• [YOUR GOAL]: Every record that follows should be output exactly as it is given.

Stored data entries
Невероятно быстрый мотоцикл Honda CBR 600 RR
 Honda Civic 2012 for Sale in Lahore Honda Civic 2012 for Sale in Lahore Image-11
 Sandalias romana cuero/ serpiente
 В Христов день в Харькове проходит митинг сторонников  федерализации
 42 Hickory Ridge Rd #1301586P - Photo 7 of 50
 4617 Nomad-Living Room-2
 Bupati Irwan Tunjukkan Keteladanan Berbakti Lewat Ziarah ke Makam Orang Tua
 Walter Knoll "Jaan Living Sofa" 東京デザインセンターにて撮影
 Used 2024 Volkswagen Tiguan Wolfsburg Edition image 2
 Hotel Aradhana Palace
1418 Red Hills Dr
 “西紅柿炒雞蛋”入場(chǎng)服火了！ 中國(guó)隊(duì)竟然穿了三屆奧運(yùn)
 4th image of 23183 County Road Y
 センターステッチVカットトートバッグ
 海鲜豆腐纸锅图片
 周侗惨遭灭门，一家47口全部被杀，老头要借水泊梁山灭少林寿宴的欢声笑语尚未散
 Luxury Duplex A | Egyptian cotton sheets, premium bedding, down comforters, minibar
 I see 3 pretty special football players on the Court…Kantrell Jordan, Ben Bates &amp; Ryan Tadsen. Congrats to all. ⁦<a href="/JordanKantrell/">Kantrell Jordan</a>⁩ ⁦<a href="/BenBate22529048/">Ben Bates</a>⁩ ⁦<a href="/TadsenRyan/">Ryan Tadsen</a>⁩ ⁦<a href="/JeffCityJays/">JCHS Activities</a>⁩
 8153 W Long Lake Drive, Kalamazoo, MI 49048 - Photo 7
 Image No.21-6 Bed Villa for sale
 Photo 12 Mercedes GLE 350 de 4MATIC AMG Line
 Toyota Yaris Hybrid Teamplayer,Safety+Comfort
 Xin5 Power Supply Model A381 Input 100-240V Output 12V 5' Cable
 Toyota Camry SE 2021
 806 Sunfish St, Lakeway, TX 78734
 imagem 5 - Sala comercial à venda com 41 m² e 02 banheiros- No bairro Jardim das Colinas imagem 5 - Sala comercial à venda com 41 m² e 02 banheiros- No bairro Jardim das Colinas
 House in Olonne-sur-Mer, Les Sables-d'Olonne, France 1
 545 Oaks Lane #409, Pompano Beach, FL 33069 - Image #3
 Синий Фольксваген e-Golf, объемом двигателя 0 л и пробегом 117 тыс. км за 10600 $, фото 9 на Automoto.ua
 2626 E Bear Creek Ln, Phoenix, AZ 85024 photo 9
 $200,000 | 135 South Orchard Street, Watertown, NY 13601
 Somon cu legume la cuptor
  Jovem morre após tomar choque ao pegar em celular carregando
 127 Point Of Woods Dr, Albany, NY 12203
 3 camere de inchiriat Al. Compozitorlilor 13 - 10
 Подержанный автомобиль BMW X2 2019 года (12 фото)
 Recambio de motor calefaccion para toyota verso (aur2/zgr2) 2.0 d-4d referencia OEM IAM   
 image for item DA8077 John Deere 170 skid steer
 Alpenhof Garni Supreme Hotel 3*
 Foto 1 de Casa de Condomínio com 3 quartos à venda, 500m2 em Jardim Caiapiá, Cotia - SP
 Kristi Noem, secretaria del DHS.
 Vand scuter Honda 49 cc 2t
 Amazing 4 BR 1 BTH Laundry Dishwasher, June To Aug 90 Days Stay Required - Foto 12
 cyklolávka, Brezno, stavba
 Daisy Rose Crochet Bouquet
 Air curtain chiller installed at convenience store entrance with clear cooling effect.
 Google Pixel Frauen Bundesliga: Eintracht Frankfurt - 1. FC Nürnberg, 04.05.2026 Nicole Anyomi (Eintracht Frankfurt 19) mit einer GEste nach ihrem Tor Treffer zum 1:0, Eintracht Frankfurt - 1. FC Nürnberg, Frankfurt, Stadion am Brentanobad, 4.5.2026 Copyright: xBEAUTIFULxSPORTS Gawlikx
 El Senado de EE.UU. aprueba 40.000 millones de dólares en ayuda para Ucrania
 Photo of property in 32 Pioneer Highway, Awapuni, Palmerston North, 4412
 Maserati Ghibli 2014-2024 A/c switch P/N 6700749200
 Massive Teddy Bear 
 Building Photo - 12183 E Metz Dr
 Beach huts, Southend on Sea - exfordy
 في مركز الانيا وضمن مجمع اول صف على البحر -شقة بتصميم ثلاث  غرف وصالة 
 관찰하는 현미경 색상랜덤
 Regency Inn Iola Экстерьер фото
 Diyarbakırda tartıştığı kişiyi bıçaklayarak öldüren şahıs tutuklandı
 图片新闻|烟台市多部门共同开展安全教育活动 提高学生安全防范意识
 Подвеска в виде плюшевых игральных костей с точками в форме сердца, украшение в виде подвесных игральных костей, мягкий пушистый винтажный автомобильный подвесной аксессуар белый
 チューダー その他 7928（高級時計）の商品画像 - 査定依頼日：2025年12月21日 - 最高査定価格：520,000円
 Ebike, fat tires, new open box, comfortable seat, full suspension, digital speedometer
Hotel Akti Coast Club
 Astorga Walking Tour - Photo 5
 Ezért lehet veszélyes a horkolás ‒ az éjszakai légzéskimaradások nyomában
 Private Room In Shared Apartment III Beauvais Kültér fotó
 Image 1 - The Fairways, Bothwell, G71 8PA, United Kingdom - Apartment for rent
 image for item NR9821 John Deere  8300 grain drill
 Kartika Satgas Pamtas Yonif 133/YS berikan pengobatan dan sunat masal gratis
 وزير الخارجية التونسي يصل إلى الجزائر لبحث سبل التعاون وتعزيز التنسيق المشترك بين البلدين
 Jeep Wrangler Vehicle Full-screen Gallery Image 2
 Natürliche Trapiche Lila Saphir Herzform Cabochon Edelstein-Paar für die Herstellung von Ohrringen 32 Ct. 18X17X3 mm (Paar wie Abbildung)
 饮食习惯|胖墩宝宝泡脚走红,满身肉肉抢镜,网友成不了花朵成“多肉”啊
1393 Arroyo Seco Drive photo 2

• [SOLUTION]:
Невероятно быстрый мотоцикл Honda CBR 600 RR
 Honda Civic 2012 for Sale in Lahore Honda Civic 2012 for Sale in Lahore Image-11
 Sandalias romana cuero/ serpiente
 В Христов день в Харькове проходит митинг сторонников  федерализации
 42 Hickory Ridge Rd #1301586P - Photo 7 of 50
 4617 Nomad-Living Room-2
 Bupati Irwan Tunjukkan Keteladanan Berbakti Lewat Ziarah ke Makam Orang Tua
 Walter Knoll "Jaan Living Sofa" 東京デザインセンターにて撮影
 Used 2024 Volkswagen Tiguan Wolfsburg Edition image 2
 Hotel Aradhana Palace
1418 Red Hills Dr
 “西紅柿炒雞蛋”入場(chǎng)服火了！ 中國(guó)隊(duì)竟然穿了三屆奧運(yùn)
 4th image of 23183 County Road Y
 センターステッチVカットトートバッグ
 海鲜豆腐纸锅图片
 周侗惨遭灭门，一家47口全部被杀，老头要借水泊梁山灭少林寿宴的欢声笑语尚未散
 Luxury Duplex A | Egyptian cotton sheets, premium bedding, down comforters, minibar
 I see 3 pretty special football players on the Court…Kantrell Jordan, Ben Bates &amp; Ryan Tadsen. Congrats to all. ⁦<a href="/JordanKantrell/">Kantrell Jordan</a>⁩ ⁦<a href="/BenBate22529048/">Ben Bates</a>⁩ ⁦<a href="/TadsenRyan/">Ryan Tadsen</a>⁩ ⁦<a href="/JeffCityJays/">JCHS Activities</a>⁩
 8153 W Long Lake Drive, Kalamazoo, MI 49048 - Photo 7
 Image No.21-6 Bed Villa for sale
 Photo 12 Mercedes GLE 350 de 4MATIC AMG Line
 Toyota Yaris Hybrid Teamplayer,Safety+Comfort
 Xin5 Power Supply Model A381 Input 100-240V Output 12V 5' Cable
 Toyota Camry SE 2021
 806 Sunfish St, Lakeway, TX 78734
 imagem 5 - Sala comercial à venda com 41 m² e 02 banheiros- No bairro Jardim das Colinas imagem 5 - Sala comercial à venda com 41 m² e 02 banheiros- No bairro Jardim das Colinas
 House in Olonne-sur-Mer, Les Sables-d'Olonne, France 1
 545 Oaks Lane #409, Pompano Beach, FL 33069 - Image #3
 Синий Фольксваген e-Golf, объемом двигателя 0 л и пробегом 117 тыс. км за 10600 $, фото 9 на Automoto.ua
 2626 E Bear Creek Ln, Phoenix, AZ 85024 photo 9
 $200,000 | 135 South Orchard Street, Watertown, NY 13601
 Somon cu legume la cuptor
  Jovem morre após tomar choque ao pegar em celular carregando
 127 Point Of Woods Dr, Albany, NY 12203
 3 camere de inchiriat Al. Compozitorlilor 13 - 10
 Подержанный автомобиль BMW X2 2019 года (12 фото)
 Recambio de motor calefaccion para toyota verso (aur2/zgr2) 2.0 d-4d referencia OEM IAM   
 image for item DA8077 John Deere 170 skid steer
 Alpenhof Garni Supreme Hotel 3*
 Foto 1 de Casa de Condomínio com 3 quartos à venda, 500m2 em Jardim Caiapiá, Cotia - SP
 Kristi Noem, secretaria del DHS.
 Vand scuter Honda 49 cc 2t
 Amazing 4 BR 1 BTH Laundry Dishwasher, June To Aug 90 Days Stay Required - Foto 12
 cyklolávka, Brezno, stavba
 Daisy Rose Crochet Bouquet
 Air curtain chiller installed at convenience store entrance with clear cooling effect.
 Google Pixel Frauen Bundesliga: Eintracht Frankfurt - 1. FC Nürnberg, 04.05.2026 Nicole Anyomi (Eintracht Frankfurt 19) mit einer GEste nach ihrem Tor Treffer zum 1:0, Eintracht Frankfurt - 1. FC Nürnberg, Frankfurt, Stadion am Brentanobad, 4.5.2026 Copyright: xBEAUTIFULxSPORTS Gawlikx
 El Senado de EE.UU. aprueba 40.000 millones de dólares en ayuda para Ucrania
 Photo of property in 32 Pioneer Highway, Awapuni, Palmerston North, 4412
 Maserati Ghibli 2014-2024 A/c switch P/N 6700749200
 Massive Teddy Bear 
 Building Photo - 12183 E Metz Dr
 Beach huts, Southend on Sea - exfordy
 في مركز الانيا وضمن مجمع اول صف على البحر -شقة بتصميم ثلاث  غرف وصالة 
 관찰하는 현미경 색상랜덤
 Regency Inn Iola Экстерьер фото
 Diyarbakırda tartıştığı kişiyi bıçaklayarak öldüren şahıs tutuklandı
 图片新闻|烟台市多部门共同开展安全教育活动 提高学生安全防范意识
 Подвеска в виде плюшевых игральных костей с точками в форме сердца, украшение в виде подвесных игральных костей, мягкий пушистый винтажный автомобильный подвесной аксессуар белый
 チューダー その他 7928（高級時計）の商品画像 - 査定依頼日：2025年12月21日 - 最高査定価格：520,000円
 Ebike, fat tires, new open box, comfortable seat, full suspension, digital speedometer
Hotel Akti Coast Club
 Astorga Walking Tour - Photo 5
 Ezért lehet veszélyes a horkolás ‒ az éjszakai légzéskimaradások nyomában
 Private Room In Shared Apartment III Beauvais Kültér fotó
 Image 1 - The Fairways, Bothwell, G71 8PA, United Kingdom - Apartment for rent
 image for item NR9821 John Deere  8300 grain drill
 Kartika Satgas Pamtas Yonif 133/YS berikan pengobatan dan sunat masal gratis
 وزير الخارجية التونسي يصل إلى الجزائر لبحث سبل التعاون وتعزيز التنسيق المشترك بين البلدين
 Jeep Wrangler Vehicle Full-screen Gallery Image 2
 Natürliche Trapiche Lila Saphir Herzform Cabochon Edelstein-Paar für die Herstellung von Ohrringen 32 Ct. 18X17X3 mm (Paar wie Abbildung)
 饮食习惯|胖墩宝宝泡脚走红,满身肉肉抢镜,网友成不了花朵成“多肉”啊
1393 Arroyo Seco Drive photo 2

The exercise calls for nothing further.